Assume $$0 = \sum_{i=1}^{2n-1}\alpha_iA_i = \begin{bmatrix} \alpha_{1}+\alpha_{n+1} & \alpha_{2}+\alpha_{n+1} & \cdots & \alpha_{n}+\alpha_{n+1} \\ \alpha_{1}+\alpha_{n+2} & \alpha_{2}+\alpha_{n+2} & \cdots & \alpha_{n}+\alpha_{n+2}\\ \vdots & \vdots & \ddots & \vdots \\ \alpha_{1}+\alpha_{2n-1} & \alpha_{2}+\alpha_{2n-1} & \cdots & \alpha_{n}+\alpha_{2n-1}\\ \alpha_{1} & \alpha_{2}& \cdots & \alpha_{n}\end{bmatrix}$$ so first we get $\alpha_1=\cdots=\alpha_n = 0$ and then $\alpha_{n+1}=\cdots=\alpha_{2n-1}=0$.

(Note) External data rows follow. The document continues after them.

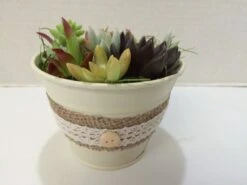 Medium Succulent Arrangement In An Antique White Pail Planter. Beautiful, Completely Assembled Dish Garden.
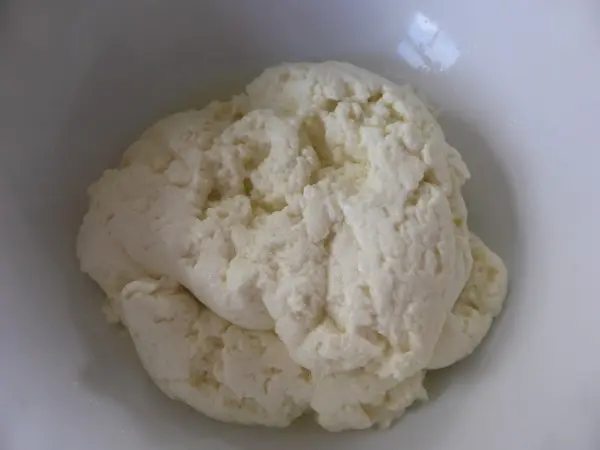 Boska-zelf-mozzarella-maken (28)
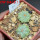 AZTEKIUM ritteri, 2 pcs., one pot, for sale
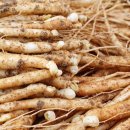 종삼농장 이미지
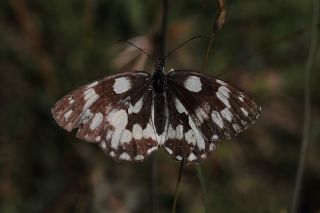 Orman Melikesi (Melanargia galathea)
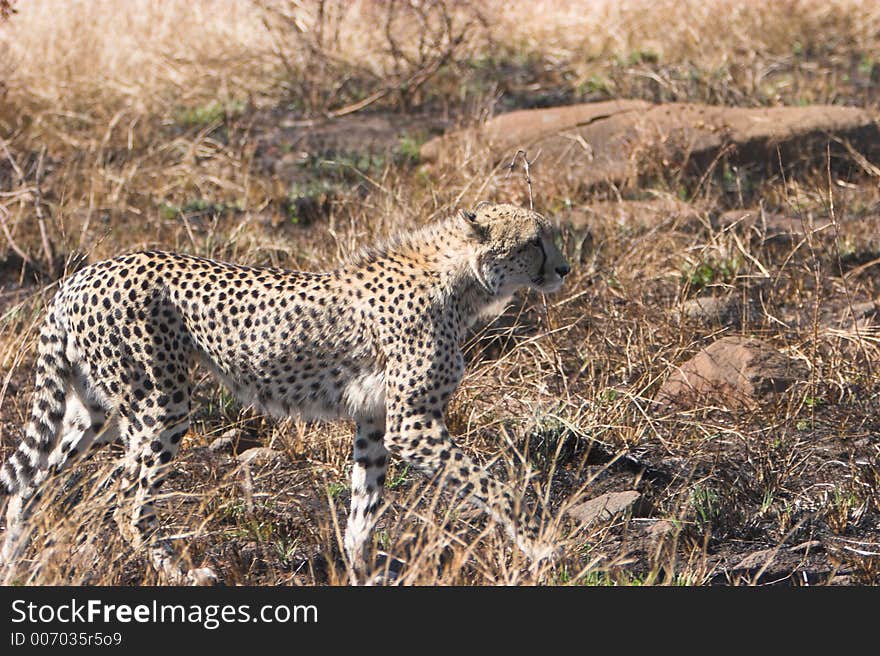 Cheeta stalk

On the other hand, we have $$A_{2n}= \sum_{i=1}^n A_i - \sum_{i=n+1}^{2n-1}A_i.$$

Therefore $\dim\operatorname{span}\{A_1, \ldots, A_{2n}\} = 2n-1$.

Answer 4

Let $A$ be the $2n \times n^2$ matrix in your question. It is easy to check that $$AA^T = \begin{bmatrix}nI_n & 1_{n \times n} \\ 1_{n \times n} & nI_n \end{bmatrix}$$ where $I_n$ is the $n \times n$ identity matrix and $1_{n \times n}$ is the $n \times n$ matrix of all ones. (To see why this is true, try computing the dot product of each pair of rows of $A$.) Hence, $$AA^T - nI_{2n} = \begin{bmatrix}0_{n \times n} & 1_{n \times n} \\ 1_{n \times n} & 0_{n \times n} \end{bmatrix},$$ which clearly has rank-$2$. By inspection $\begin{bmatrix} 1_{n \times 1} \\ 1_{n\times 1}\end{bmatrix}$ and $\begin{bmatrix} 1_{n \times 1} \\ -1_{n\times 1}\end{bmatrix}$ are eigenvectors of $AA^T-nI_{2n}$ with respective eigenvalues of $n$ and $-n$. Hence, the eigenvalues of $AA^T-nI_{2n}$ are $n$, $-n$, and $0$ (with multiplicity $2n-2$). Therefore, the eigenvalues of $AA^T$ can be found by adding $n$ to each of the eigenvalues of $AA^T-nI_{2n}$, i.e. $2n$, $0$, and $n$ (with multiplicity $2n-2$). Since $AA^T$ is symmetric and has exactly $2n-1$ non-zero eigenvalues, $\text{rank}(AA^T) = 2n-1$. Therefore, $\text{rank}(A) = \text{rank}(AA^T) = 2n-1$ as well.